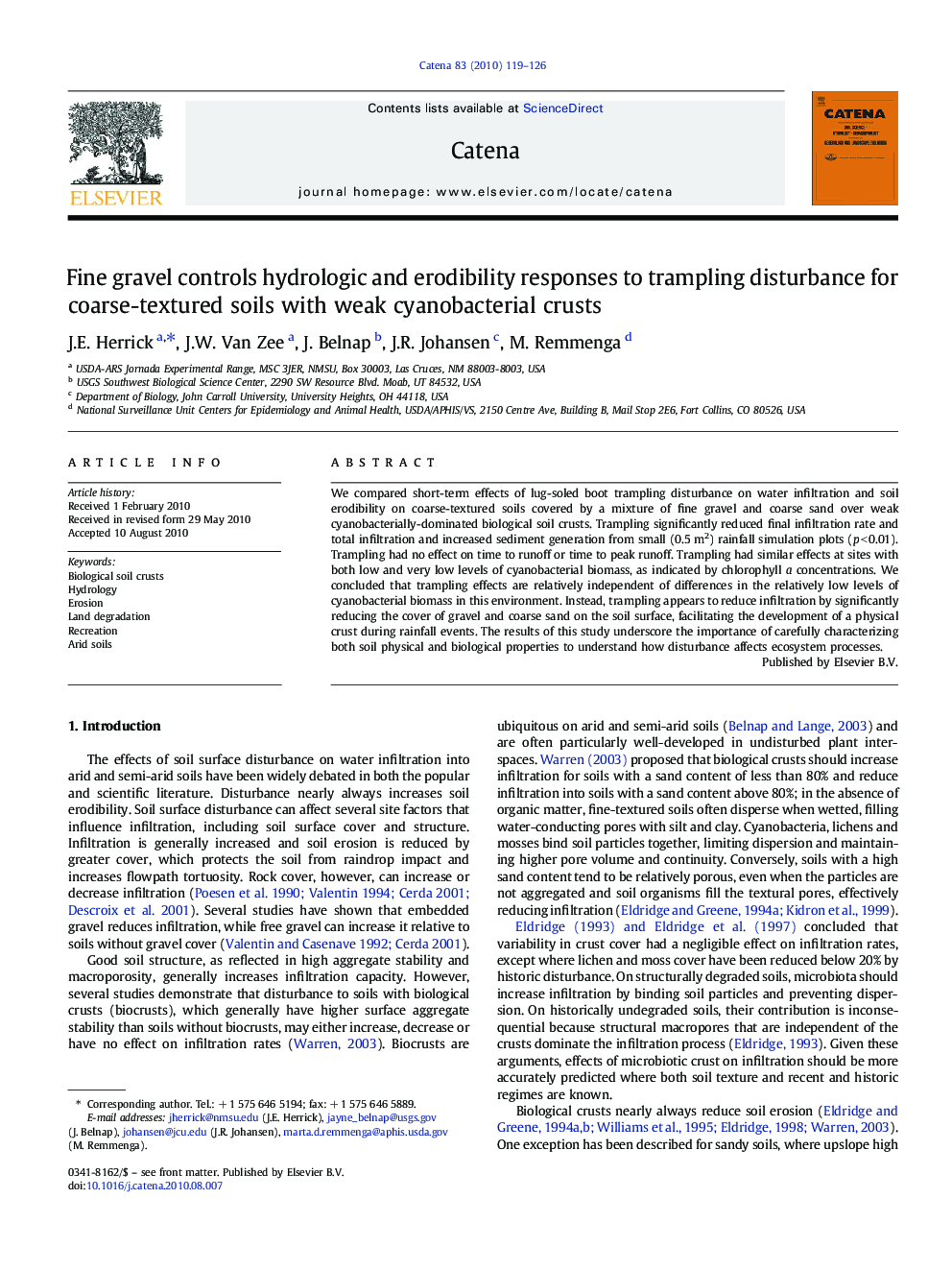 Fine gravel controls hydrologic and erodibility responses to trampling disturbance for coarse-textured soils with weak cyanobacterial crusts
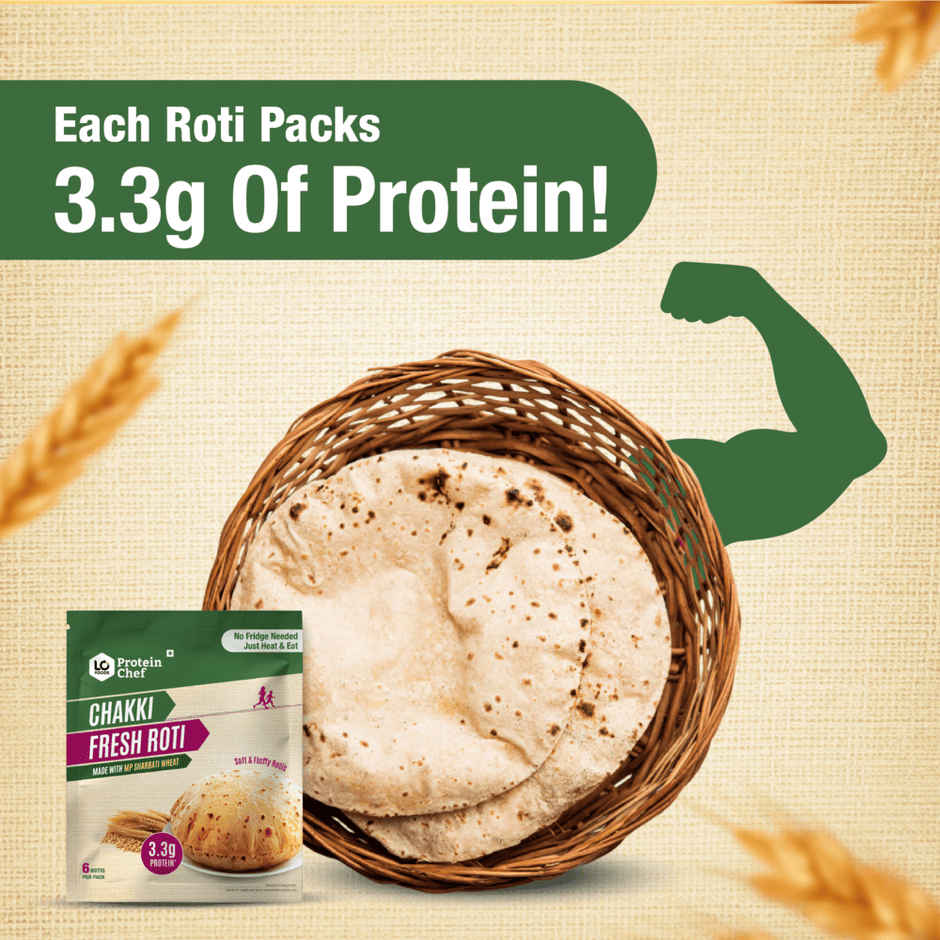 Protein Chef Whole Wheat Roti | Non Frozen | Fresh | MP Sharbati Atta | Ready to Cook Chapati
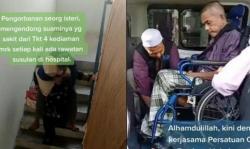 Perjuangan Istri Gendong Suaminya yang Lumpuh Turuni Tangga Rumah Sakit Viral di Medsos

• [Task requirements]:
Starting with the line that contains "Protein Chef Whole", reproduce every line to the end of the material above, both end lines included, exactly and with no pictures.

• [Solution for this exercise]:
 Protein Chef Whole Wheat Roti | Non Frozen | Fresh | MP Sharbati Atta | Ready to Cook Chapati
 Perjuangan Istri Gendong Suaminya yang Lumpuh Turuni Tangga Rumah Sakit Viral di Medsos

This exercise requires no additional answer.